Лафайет был одним из первых зачинщиков революции, которая унизила трон. Его имя оказалось замешано в каждом унижении, какое вынес двор, стояло на первом месте в неприязненных чувствах королевы, во всех страхах короля. Сначала Лафайет был их ужасом, потом покровителем и, наконец, — сторожем. Могли он стать их надеждой? Место парижского мэра, серьезная гражданская власть после продолжительной вооруженной диктатуры в столице, не могли ли послужить для Лафайета ступенью, которая подняла бы его выше трона и оставила в тени короля и конституцию? Этот человек с либеральными идеями имел добрые намерения, хотел управлять, а не царствовать, но можно ли полагаться на добрые намерения, столь часто побеждаемые? Не с тем ли самым сердцем, полным добрых намерений, он злоупотреблял командованием гражданской милицией, низвергнул Бастилию при помощи возмутившейся французской гвардии, пошел на Версаль во главе парижской черни, допустил насилие 6 октября, арестовал королевскую семью в Варение и держал короля пленником во дворце? Воспротивится ли он, если народ потребует от него еще большего? Сердце человека так устроено, что люди охотнее бросятся в объятия тех, кто их губит, чем станут искать спасения от руки того, кто их унижает. Лафайет унижал короля и в особенности королеву. Почтительная независимость была обычным выражением лица Лафайета в присутствии Марии-Антуанетты, непоколебимость гражданина читалась в позах генерала, в его словах, под холодными и вежливыми формами придворного.

Королева предпочитала мятежника. Она открыто высказывалась в этом отношении пред своими приближенными: «Господин Лафайет, — говорила она, — хочет быть мэром Парижа только для того, чтобы сделаться вслед за тем мэром дворца. Петион — якобинец, республиканец, но это человек глупый, не способный сделаться главой партии; этот мэр будет нулем. Притом возможно, что известное Петиону участие, которое мы принимаем в его избрании, приведет его на сторону короля».

Петион был сыном прокурора в шартрском суде.
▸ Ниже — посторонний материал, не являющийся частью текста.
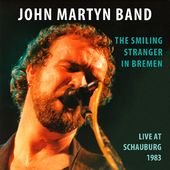 Smiling Stranger In Bremen: Live At Schauburg 1983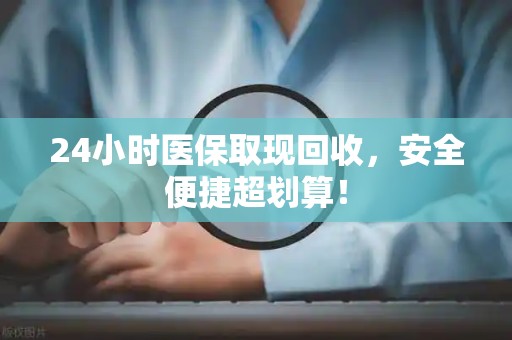 株洲24小时医保取现回收，安全便捷超划算！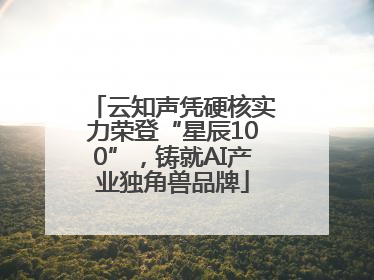 云知声凭硬核实力荣登“星辰100”，铸就AI产业独角兽品牌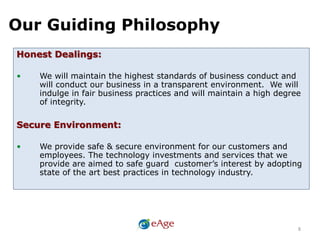 Our Guiding Philosophy
8
Honest Dealings:
• We will maintain the highest standards of business conduct and
will conduct our business in a transparent environment. We will
indulge in fair business practices and will maintain a high degree
of integrity.
Secure Environment:
• We provide safe & secure environment for our customers and
employees. The technology investments and services that we
provide are aimed to safe guard customer’s interest by adopting
state of the art best practices in technology industry.
 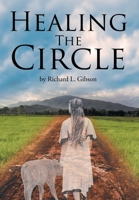 Healing the Circle 1662409710 Book Cover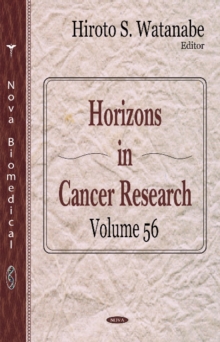 Horizons in Cancer Research : Volume 56, Hardback Book Horizons in Cancer Research : Volume 56, Hardback Book
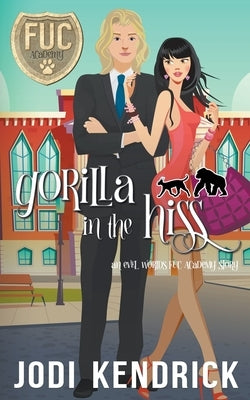 Gorilla in the Hiss by Kendrick, Jodi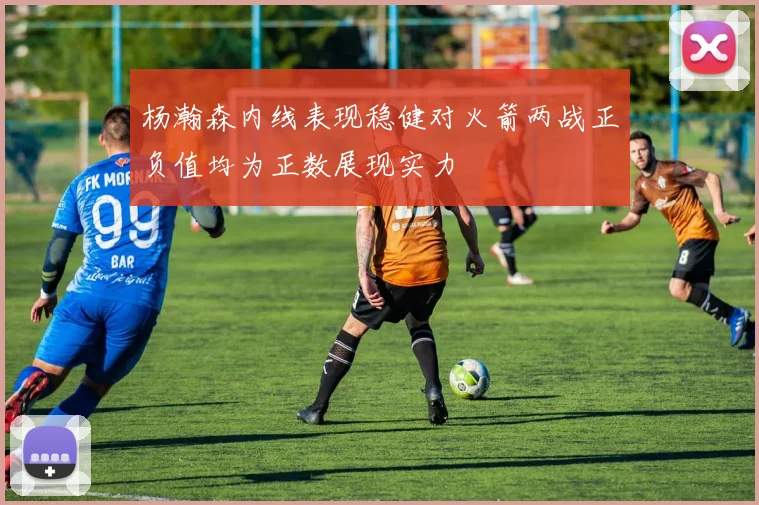 杨瀚森内线表现稳健对火箭两战正负值均为正数展现实力
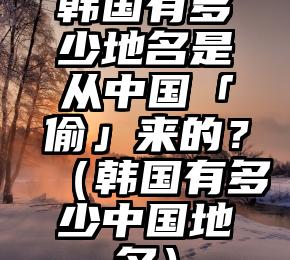韩国有多少地名是从中国「偷」来的？（韩国有多少中国地名）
Соотечественник Бриссо, он был вскормлен одними и теми же науками, одной и той же философией, одной и той же ненавистью. Эти два человека были воодушевлены одним идеалом. Революция стала идеалом их юности, призвала их на сцену в один и тот же день, но для различных ролей. Бриссо — писатель, политический авантюрист, журналист — был человеком мысли; Петион был человек дела.

В фигуре, характере и способностях его выражалась та важная заурядность, которая свойственна толпе и ей нравится. Призванный своими согражданами в Национальное собрание, Петион составил там себе имя больше усилиями, чем успехом. Счастливый соперник Робеспьера и в то время друг его, Петион вместе с ним организовал народную партию, вначале едва заметную, которая проповедовала демократию в чистом виде и философию Жан-Жака Руссо. Деспотизм любого одного класса казался Робеспьеру и Петиону столь же ненавистным, как и деспотизм короля. Торжество среднего сословия для них мало значило, пока целый народ, то есть человечество в самом обширном смысле, не торжествовал. Они поставили своей целью не победу одного класса над другим, но победу абсолютного принципа: человечества. В этом состояла их слабость в первые дни революции, позже это составило их силу.